A claim for copyright infringement requires that the plaintiff prove: “(1) ownership of a valid copyright; and (2) unauthorized copying of original elements of the plaintiff’s work.” See Dun & Bradstreet Software Servs., Inc. v. Grace Consulting, Inc., 307 F.3d 197, 206 (3d Cir. 2002). Infringement is considered willful if, for example, the defendant fails to respond and default is entered or the defendant used BitTorrent protocol to gain access to a work for free that otherwise would have required payment. See Malibu Media, LLC v. Flanagan, No. 2:13-CV-5890, 2014 WL 2957701, at *2, *2 n. 4 (E.D. Pa. Jul. 1, 2014). Malibu Media has sufficiently alleged that Mr. Cui willfully infringed its copyrights on the 24 works listed in Exhibit A to its motion for default judgment.
Under 17 U.S.C. § 504(c)(2), statutory damages may be awarded in an amount of not less than $750 or more than $150, 000 per infringed work. Malibu Media is asking for an award of $54, 000, or $2, 250 per infringed work (three times the statutory minimum). It states that “Plaintiff’s actual damages far exceed this sum.” To support that statement, Malibu Media argues that Mr. Cui “materially aided” each of the other participants in the BitTorrent swarm, which contained thousands of peers and continues to grow. It states that its actual damages are “the lost sales of its content to those thousands of infringers.” However, Malibu Media provides no evidence regarding what those lost sales might be or even that any, let alone all, of the infringers would have paid for the content had it not been available for free via BitTorrent. Malibu Media also does not allege that Mr. Cui profited from the sharing of its copyrighted works, or provide evidence of how much money he saved by illegally downloading, rather than purchasing, Malibu Media’s works.

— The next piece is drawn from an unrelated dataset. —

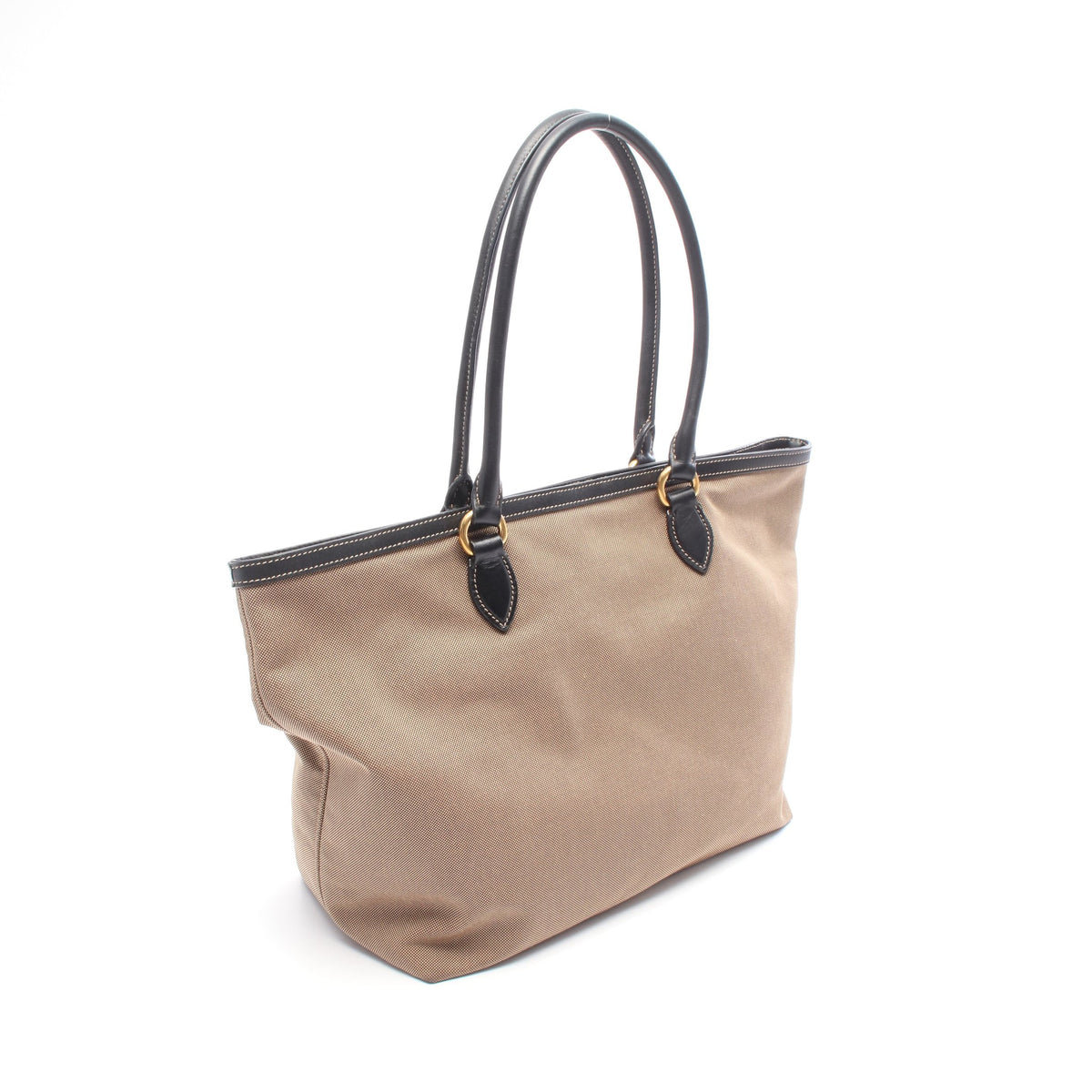 LOGO JACQUARD ロゴジャガード ショルダーバッグ トートバッグ キャンバス レザー ブラウン ブラック プラダ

Malibu Media then points to three cases, none of which are from this District, let alone this Circuit, as evidence that “[c]ourts routinely award statutory damages in an amount equal to $30, 000 for intentional online copyright infringement per work on default judgment.” See Achte/Neunte Boll King Beteiligumgs GMBH & Co. KG v. Palmer, 2:11-cv-70-FtM-29SPC, 2011 WL 4632597 (M.D. Fla. Oct. 6, 2011); Liberty Media Holdings, Inc. v. Quynn Alan Phillips, Everette v. Astrue, No. 3:11-cv-00029-JAH-JMA, Docket No. 12 (S.D. Cal. June 6, 2011); Getaped.com, Inc. v. Cangemi, 188 F.Supp.2d 398 (S.D.N.Y. 2002). However, the cases cited either involve very different fact patterns, see Getaped.com, 188 F.Supp.2d 398 (awarding requested $30, 000 in statutory damages in a case in which a competitor copied plaintiff’s website sourcecode outright and used it for a website selling competing products), an award of damages with no discussion as to why the court chose that particular amount aside from the plaintiff’s request, see Achte/Neunte, 2011 WL 4632597, or a reduction of the requested amount without an explanation for why it was not reduced further, see Liberty Media Holdings, Docket No. 12. Moreover, in each of these cases, only one or two instances of infringement occurred, meaning that the total statutory damages award was only $30, 000 or $60, 000.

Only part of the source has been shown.